Flow-through
Loud music and uncomfortable chairs are two of the ways — two among many? — that Jack-in-the-Box, Taco Bell and others of their ilk optimize flow-through. Ride ’em in, ride ’em out.
Starbucks, though … Starbucks used to be different. A huge corporation, yes. Cookie cutter interiors, yes. Baristas happy-jacked to a fare thee well, lord yes. But different enough to make it possible to accept them on their own “place to find connection” terms.
Visit Starbucks online and you’ll find references to “comfortable atmosphere” and “ options to relax … in the evenings” in a place “ specifically designed to be cosy and intimate, while at the same time providing people with their own personal space to use as they wish.”
Visit an actual Starbucks, however, and you might get a different message.
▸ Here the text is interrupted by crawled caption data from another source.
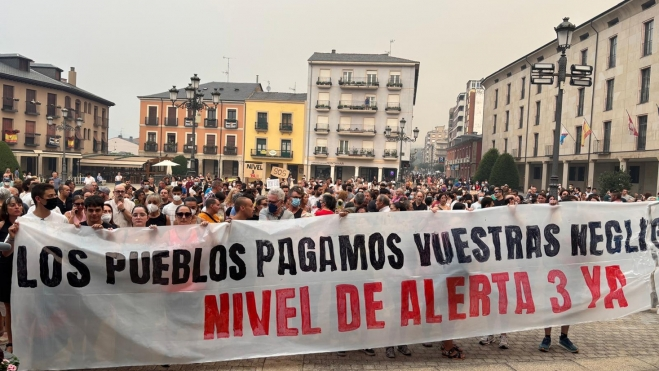 veintimillapie's tweet photo. Una movilización ciudadana reclama ante el Ayuntamiento de Ponferrada la declaración del nivel 3 de emergencia por los incendios: "El Bierzo no puede esperar" https://t.co/Nb4Iay3f8A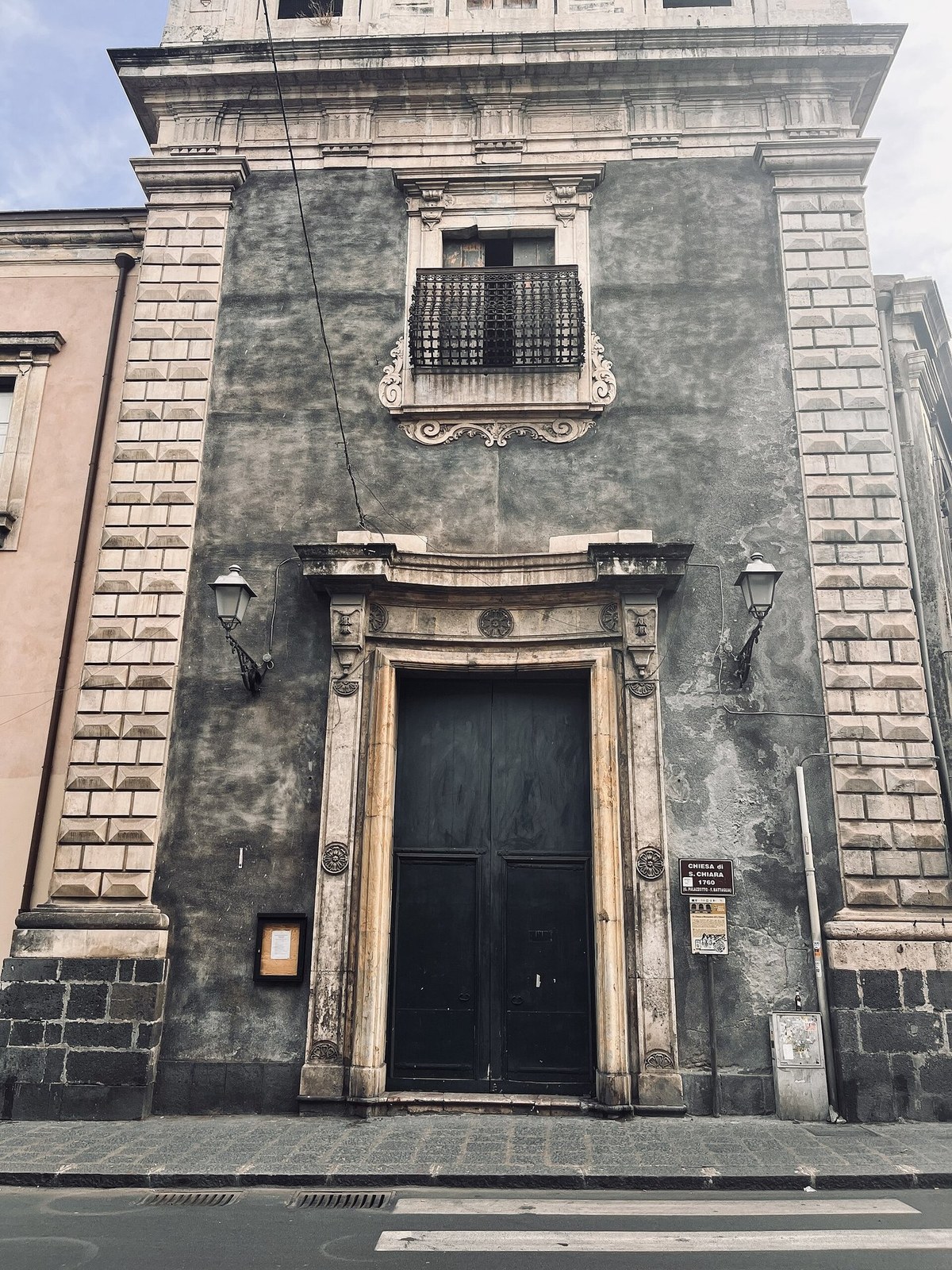 Chiesa di Santa Chiara façade on Via Garibaldi, northeast of Castello Ursino in Catania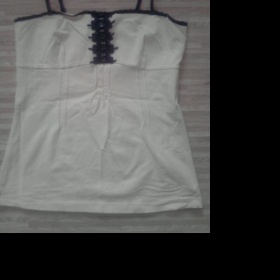 Krémové tílko značky Mango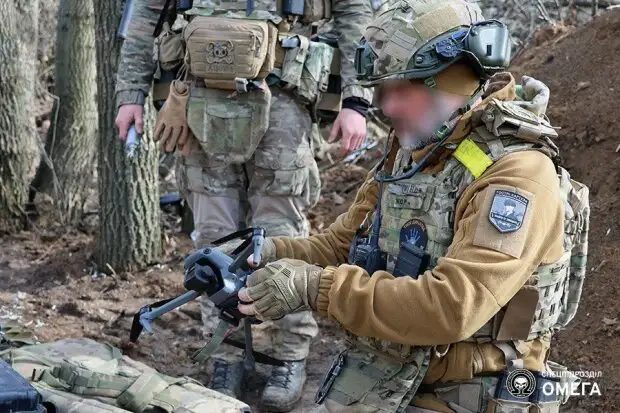 Один день із Гострими картузами: відстеження, вибухи, знищення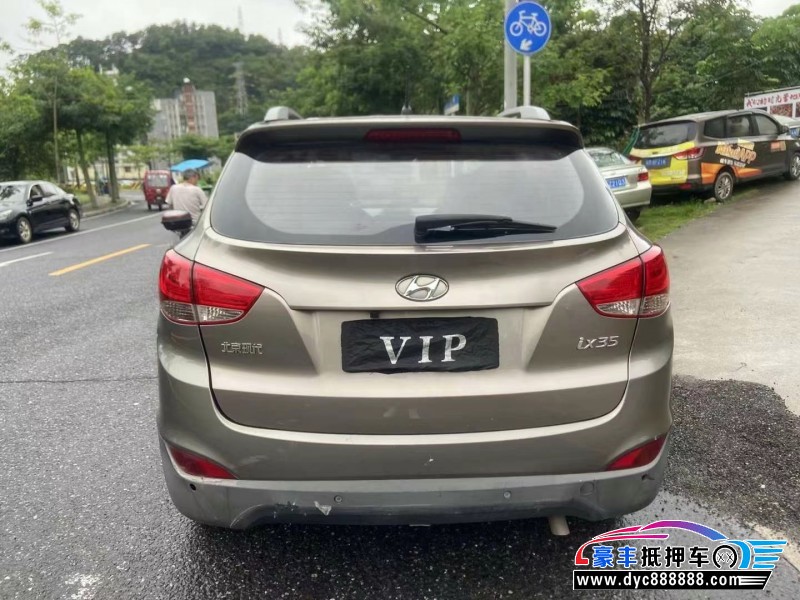 11年现代ix35轿车抵押车出售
Here in Greenville, upholstered chairs and intimate seating arrangements are being replaced with steel stools and high school cafeteria-style floorplans. Not cosy. Not intimate. Not relaxing, either, when the music is so loud that a person has to go outside to take a telephone call.
When I showed that “cosy and intimate” line to the ever-cheerful manager at Starbucks’ 2111 Augusta Street store this morning, he laughed. Whether with me or at me, I couldn’t tell.
Maybe this latest indignity in a line of big business indignities that stretches past the horizon shouldn’t seem so insidious, but it does. Not because Starbucks is honoring its fiduciary duty to stockholders, which it’s entitled to do, but because its erstwhile amusing message of comfort and joy has become one more chorus of cognitive dissonance.